Sam: I meant if you found out something amazing, even if it was scary, perhaps attacking someone the second they get in the door—
Jory: So there you have it, communication is key. If one is not blindsided, one won’t go on a rampage that will leave another person’s ears ringing.
Sam: You can say that again.
Jory: Did you have something to add?
Sam: No.
DEAR JORY:
My husband has not only been bringing his work home with him but his crappy attitude as well. What do you do when your husband drags his dark cloud home?
Jory: If I see that my husband has brought his work home with him, which happens on occasion, we’re all human, I first try and ask him if he wants to talk about it just to vent. A lot of times just him telling me relieves some of his stress. I used to make suggestions to try and “fix” the situation, but I learned that it’s simply not possible. Now, I let my husband explain everything without making any comments and then ask him what his thoughts are. If after he’s all talked out he says, what do you think—then and only then, do I offer my insight. If, on the other hand, he comes home, doesn’t want to talk, and then is just pissed at life and makes me and our kids miserable, then we have an issue. As a rule, he’s not like that, but he’s a “whole world on his shoulders” kind of guy, and tends to take too much on himself. I’m working on him.
Sam: I’m not the only one who has bad days around here.
Jory: I never bring stuff home.
Sam: What about when you fight with a client?
Jory: I vent to Dylan and Fallon, never to you.
Sam: Maybe I want to help. It has to be a two-way street. I talk, then you, back and forth. We can get a timer if you want.
Jory: With everything you have on your plate, you want to help with my teeny client problems?
Sam: They’re not that teeny. Remember the time right before we got married when that event went sideways and that guy hit you?
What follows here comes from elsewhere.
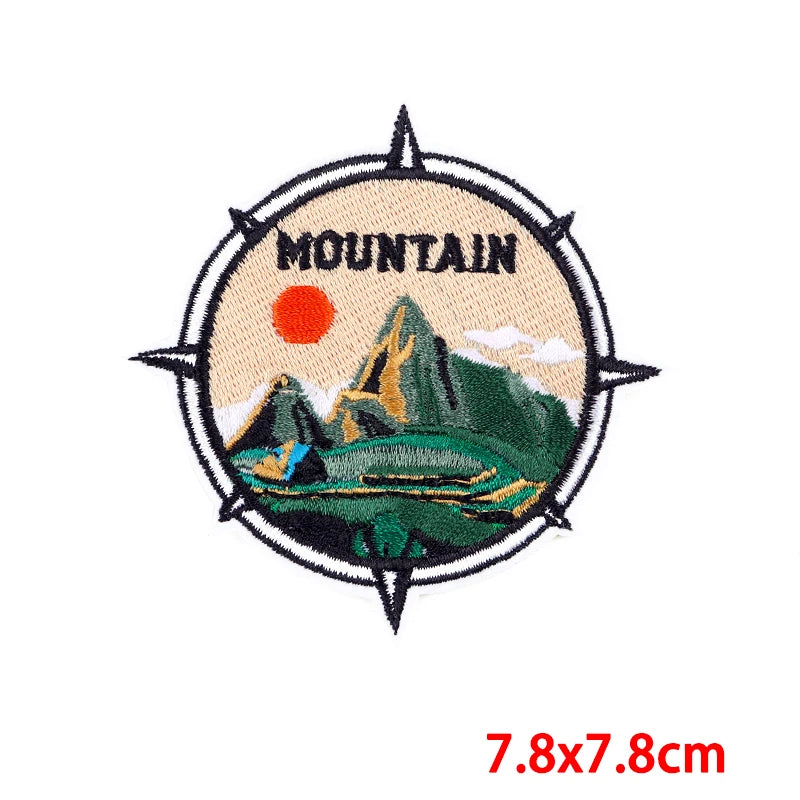 Mountain-themed patch with embroidered design on a beige background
Jory: Yeah, but that was a one-off. Things like that don’t happen much. Most of my issues these days are with clients not liking design concepts or not paying us on time.
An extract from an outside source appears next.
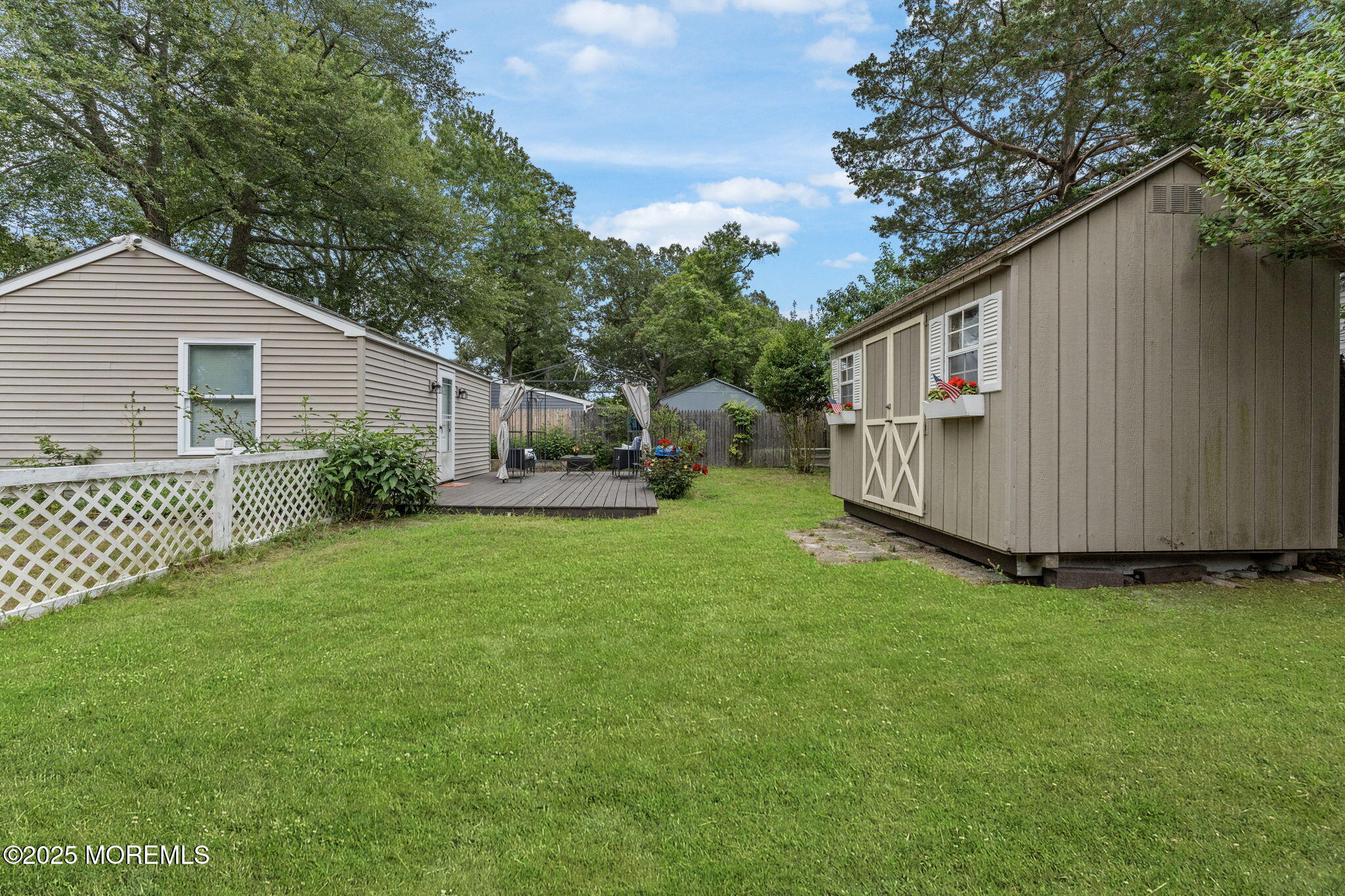 809 Beach Boulevard Forked River, NJ 08731 - Photo 6 of 16 a view of backyard with garden and deck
Sam: You tell me who’s not paying you and I’ll go have a talk with them.
Jory: Oh yes, have the chief deputy of the Northern District just drop in.
Sam: I’ll bet they’ll pay you.
Jory: I suspect so.
Sam: Do I get a kiss for that?
Jory: Yes. You’re very cute
Sam: The hell you say. Cute.
Jory: Don’t sulk.
Sam: Just—keep in mind that I want to help.
Jory: And you do the same. You don’t have to tell me everything, you just have to share your frustration, and maybe we can find a work-around together. I’m not just pretty, you know.
Sam: I do know.
Jory: So our advice is?
Sam: To talk to each other.
Jory: And of course never go to bed mad.
Sam: I’ve never gone to bed mad at you. Or not talking to you or just gone to bed and not told you and you come in hours later and find me sleeping.
Jory: I know. Because like you’ve said to the kids, if someone can sleep when they know you’re upset, there’s something wrong with them.
Sam: See? Those are good words of wisdom too.
Jory: Yes, they are.
And that’s my column for this month; I’ll see you all next time.
JULY 2018
So last week was the Fourth of July, and normally I love to go to see fireworks with my entire family, not just me, Sam, and the kids, but grandparents and everyone, but this year I was tired from the day before. Dylan and Fallon—my two partners—and I had put on an event at The Reading Room of the Harper Library at the University of Chicago, and it went until one in the morning, which meant I was there supervising cleanup until three. I sent Dylan home because she and her hubby and their kids were flying to California to spend the holiday at Disneyland, and Fallon and his hubby were meeting friends in Ann Arbor the following day for a long weekend. So I was it and finally got home around four. I would have slept in, but Sam had an emergency at work to deal with, which left me in charge of my kids, Kola’s two best friends who were sleeping over, and Hannah’s new bestie, Keisha, whose folks were in the hospital, as her mother was about to give birth to a little boy she called her “holy crap are you kidding” baby. I had died laughing as she told me at her kitchen table, face down in her folded arms as her husband strutted around telling me that he had super sperm. She hit me many times with a dish towel as I explained that no, forty-three was not too old to be pregnant…again.